The eldest son of Chief Minister designate Siddaramaiah, he says he prefers to be in the background.
“As such, I have no political ambitions. I will join politics only if my father asks me to,” said the man credited with ensuring his father’s victory in Varuna, while he was touring the State campaigning for the party.
As his father battled for control at the Congress Legislature Party meet on Queen’s Road, Mr. Rakesh preferred to stay home and micro-manage arrangements for his father’s arrival.
“Arrange for a thousand cups of tea,” he yelled into his phone as firecrackers, drums and slogans blared in the background. “Chairs! We need more chairs…”
Speaking to journalists as he orchestrated the chores, he said his father was the biggest influence in his life. “From childhood, he imbibed socialist values in us. He often spoke to us about Basavanna and Ambedkar. Our upbringing was very simple and our lifestyle has always been understated,” he said.

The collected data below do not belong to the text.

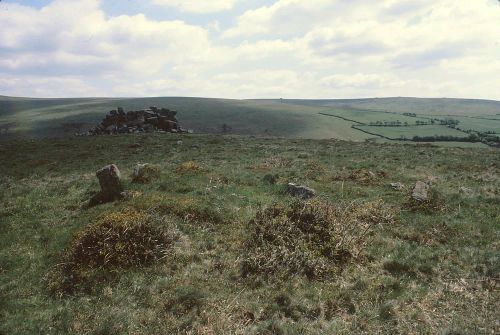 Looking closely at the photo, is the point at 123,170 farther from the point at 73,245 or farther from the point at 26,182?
the point at 73,245

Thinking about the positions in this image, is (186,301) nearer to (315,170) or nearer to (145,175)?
(145,175)

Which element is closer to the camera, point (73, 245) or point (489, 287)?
point (489, 287)

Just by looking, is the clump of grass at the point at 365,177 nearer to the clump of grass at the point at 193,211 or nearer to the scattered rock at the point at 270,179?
the scattered rock at the point at 270,179

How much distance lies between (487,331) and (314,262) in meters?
4.99

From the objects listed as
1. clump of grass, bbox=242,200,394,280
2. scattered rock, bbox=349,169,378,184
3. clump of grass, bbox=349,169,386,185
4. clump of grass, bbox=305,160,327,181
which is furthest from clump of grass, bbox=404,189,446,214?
Result: clump of grass, bbox=305,160,327,181

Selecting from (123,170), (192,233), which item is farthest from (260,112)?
(192,233)

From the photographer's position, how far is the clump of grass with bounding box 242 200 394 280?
12.8 m

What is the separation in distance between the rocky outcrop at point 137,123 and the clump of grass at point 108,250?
53.0 metres

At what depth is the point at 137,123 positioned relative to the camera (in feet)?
223

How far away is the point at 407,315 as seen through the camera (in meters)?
10.4

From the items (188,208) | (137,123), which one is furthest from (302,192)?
(137,123)

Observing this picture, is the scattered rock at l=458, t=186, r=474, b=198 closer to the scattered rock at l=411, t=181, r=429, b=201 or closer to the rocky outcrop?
the scattered rock at l=411, t=181, r=429, b=201

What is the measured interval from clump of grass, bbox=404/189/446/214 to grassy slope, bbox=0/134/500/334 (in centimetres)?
42

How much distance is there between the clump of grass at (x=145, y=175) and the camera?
75.5ft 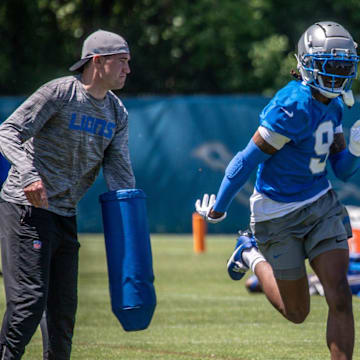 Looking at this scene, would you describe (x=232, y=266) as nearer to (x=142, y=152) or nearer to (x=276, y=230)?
(x=276, y=230)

“There have been many ups and downs in his public life, but he never let it affect family life. The only time we felt like he was deeply hurt was when he was expelled [from the Janata Dal (Secular)]. He would barely speak to us those days.”
“As a little boy, I used to crave for his attention. He was rarely home. But as I grew up, I realised that he belongs to the people and has more important things to do,” he said.
Asked about his reticent nature, he said: “Then you must meet my brother (Yathindra). He is even more shy. He just sticks to his [medical] practice.”